Task to carry out:
Leave out the pictures and reproduce all of the data exactly.

Dataset excerpt:
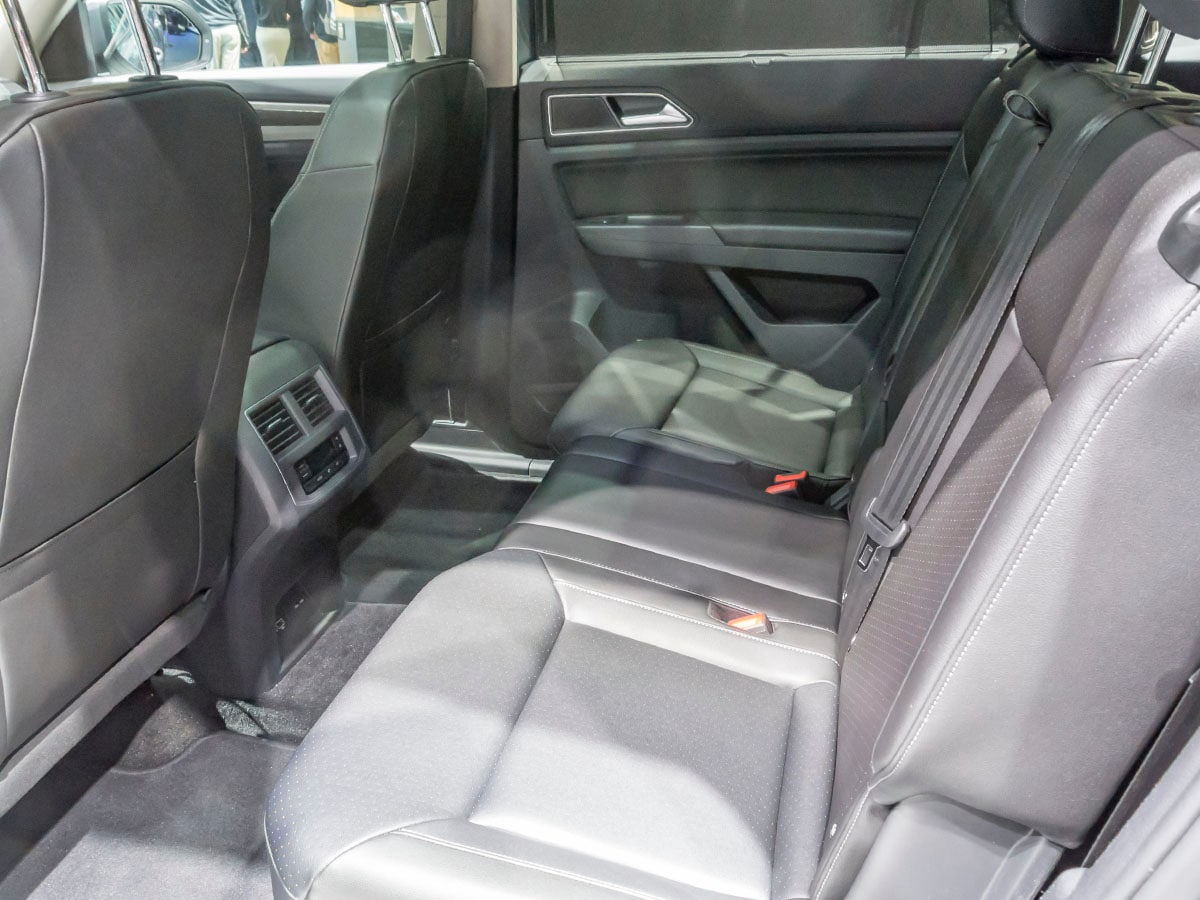 38 2018 Volkswagen Atlas R Line KBB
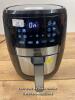 *GOURMIA 5.7L DIGITAL AIR FRYER WITH 12 ONE TOUCH COOKING FUNCTIONS / POWERS UP BUT TURNS OFF , SIGNS OF USE
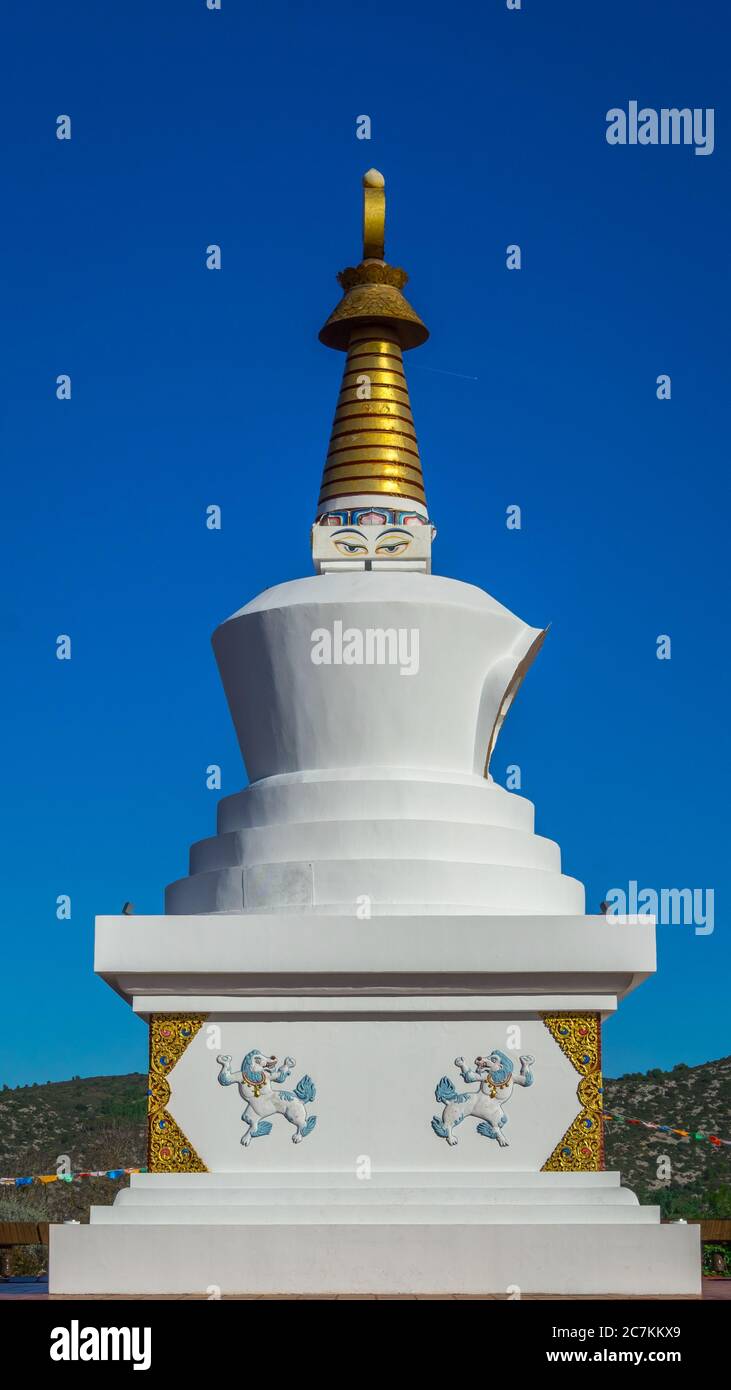 Vertikale Aufnahme von Stupa im parque natural del garraf in spanien Stockfoto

Reply:
 38 2018 Volkswagen Atlas R Line KBB
 *GOURMIA 5.7L DIGITAL AIR FRYER WITH 12 ONE TOUCH COOKING FUNCTIONS / POWERS UP BUT TURNS OFF , SIGNS OF USE
 Vertikale Aufnahme von Stupa im parque natural del garraf in spanien Stockfoto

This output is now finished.